Why it’s on the list: Incentivio’s robust tech stack allows restaurants to maximize revenue and enhances the guest experience for both first-time visitors and loyal diners, Schatzberg said.
“As we explored reentering this market with a new partner, we wanted to make sure that our search would lead to a platform that reduced friction and works across a restaurant’s existing tech stack and infrastructure,” he added. “Incentivio fit the bill.”
Startup: Raydiant
Recommended by: Schatzberg
Relationship: No investment
Total funding: $54.4 million
What it does: Raydiant is a digital-signage company that creates in-store experiences using televisions as interactive digital displays that drive messaging, sales, and engagement for restaurant chains like Wahlburgers.

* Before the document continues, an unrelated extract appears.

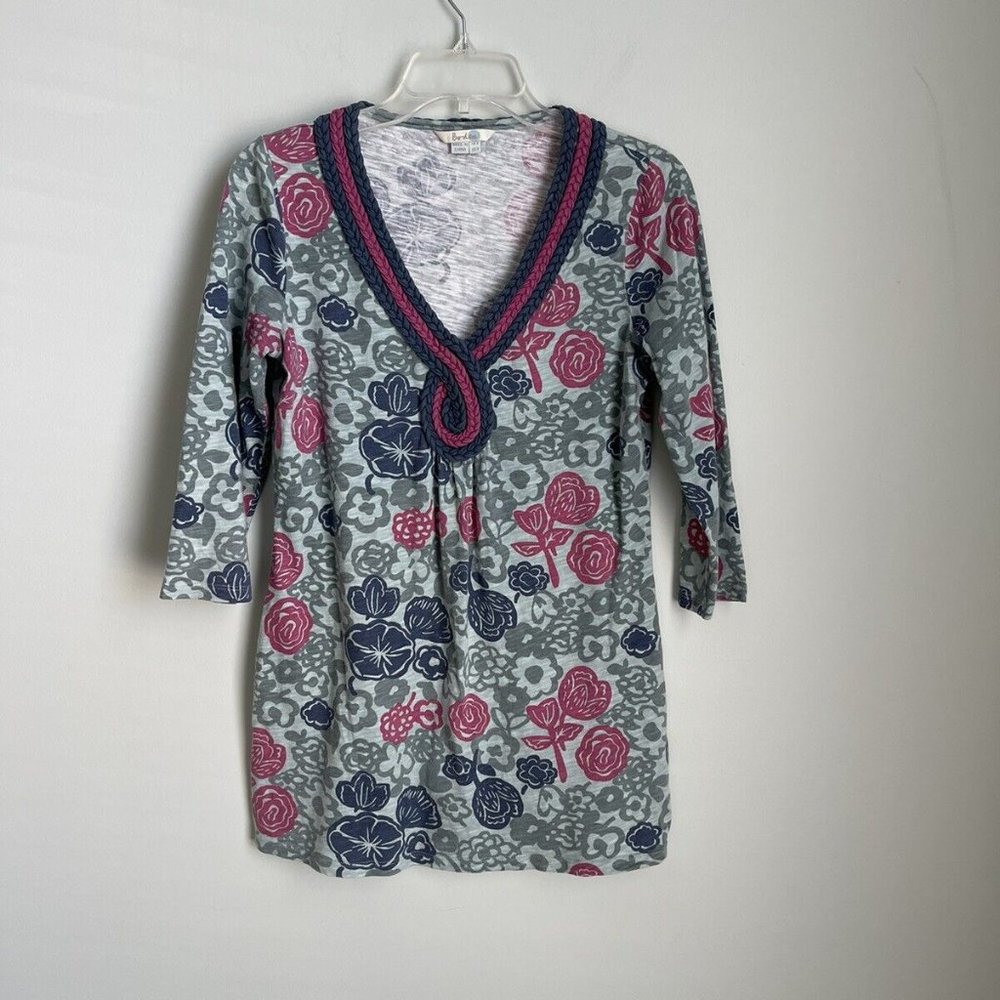 Boden Multicolor Floral V-Neck 3/4 Sleeve Tunic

Why it’s on the list: Raydiant’s platform is a restaurant’s ultimate command center as its plug-and-play, cloud-based system lets restaurant operators create, manage, and scale on-screen experiences across 1 to 100,000 locations, Schatzberg said. Its dynamic digital menu boards, self-service kiosks, entertainment apps, and powerful tools solve major logistical headaches for restaurants.
Startup: Ish Food
Recommended by: Feria, CEO and managing partner, Stray Dog Capital
Relationship: Investor
Total funding: N/A
What it does: Ish Food is disrupting the food industry with healthy and sustainable plant-based seafood. Shrimpish, its first product, has the taste and look of real shrimp and cooks just like it, Feria said.

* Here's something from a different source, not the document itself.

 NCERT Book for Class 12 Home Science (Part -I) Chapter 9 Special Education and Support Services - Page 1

“Their products are made up of healthy ingredients and have a positive or neutral environmental impact, including coconut and algae,” she said.
Why it’s on the list: The plant-based-seafood category has the potential to make up $221 million in retail sales.

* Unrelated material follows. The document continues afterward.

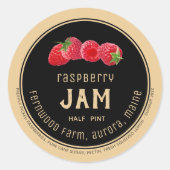 Moderne Himbeerjam Label Black on Kraft Runder Aufkleber (Vorderseite)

“It’s not easy to recreate seafood flavors and textures, but Ish has developed a recipe that is so close to the real thing,” Feria said.
Consumers and restaurants are becoming more aware of how our food system contributes to the climate crisis and turning to plant-based foods to help offset a portion of their carbon footprint.
Startup: Meati
Recommended by: Feria
Relationship: No investment
Total funding: $251 million
What it does: Meati makes plant-based food intended to act as a sustainable alternative to meat. The company specializes in the production of fungi-based steaks that are minimally processed and made from natural ingredients, providing consumers with vegan food choices.
Why it’s on the list: Mushroom-based meat alternatives are nothing new, but Meati has been able to scale its production and manufacturing practices at a rate rarely seen in this space, Feria said.
“Alt-proteins are helping restaurants meet the growing consumer interest in plant-based foods and will benefit from offering an eco-friendly option to consumers who are looking for it,” she added.